Aus den reizvollen Zutaten konnten sie jedoch keinen Erfolg brauen. Nur der erste Abschnitt des Spiels überzeugt, danach entlarvt sich die Spielmechanik zunehmend selbst. Denn die Spielwelt ist zwar wunderbar schön, aber auch furchtbar leer. Überall gibt es die gleichen Nebenmission zu erledigen, Boten- und Sammlerdienste nehmen kein Ende. Bis auf ein paar optische Finessen gleicht jede Insel der anderen. Bald schon nimmt die Motivation ab, nur die Hauptgeschichte kann etappenweise noch fesseln.

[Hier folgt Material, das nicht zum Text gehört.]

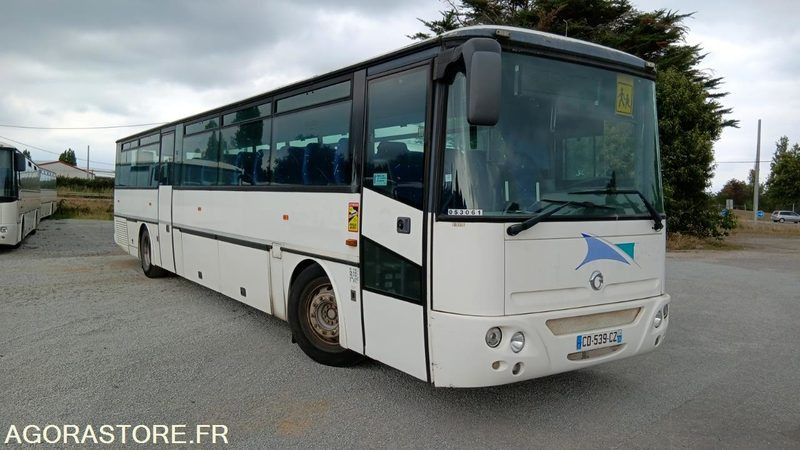 IVECO BUS AXER N°053061 - Minibus, Passenger van: picture 1 IVECO BUS AXER N°053061 - Minibus, Passenger van: picture 1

Zahlreiche andere Titel sind bereits zuvor ähnlichen Problemen erlegen. Das Science-Fiction-Abenteuer "Mass Effect: Andromeda" war zwar wesentlich größer als die ursprüngliche "Mass Effect-Trilogie", zugleich aber auch wesentlich fader. Auch das Fantasy-Rollenspiel "Dragon Age: Inquisition" scheiterte unter anderem an seinen monotonen Aufgaben und der großen, aber langweiligen Spielwelt.

Wenn Zeit und
Ressourcen fehlen

Grundsätzlich ist dieser Hang zur Größe verständlich. Die Videospielbranche ist eine milliardenschwere Industrie, in der manches Studio jährlich neue Titel auf den Markt spuckt. Um gegen die Konkurrenz zu bestehen, fahren die Studios gerne mit Zahlen und neuen Größenrekorden auf. Doch haben sie wegen des Zeitdrucks meist einfach nicht die Ressourcen, um ihre Rollenspiele zu perfektionieren: "Assassin’s Creed"-Spiele etwa erscheinen nahezu jedes Jahr. Da bleibt wenig Zeit, sich einzigartige Geschichten und Charaktere zu überlegen und durchzudenken, zu reflektieren und sich neu zu erfinden.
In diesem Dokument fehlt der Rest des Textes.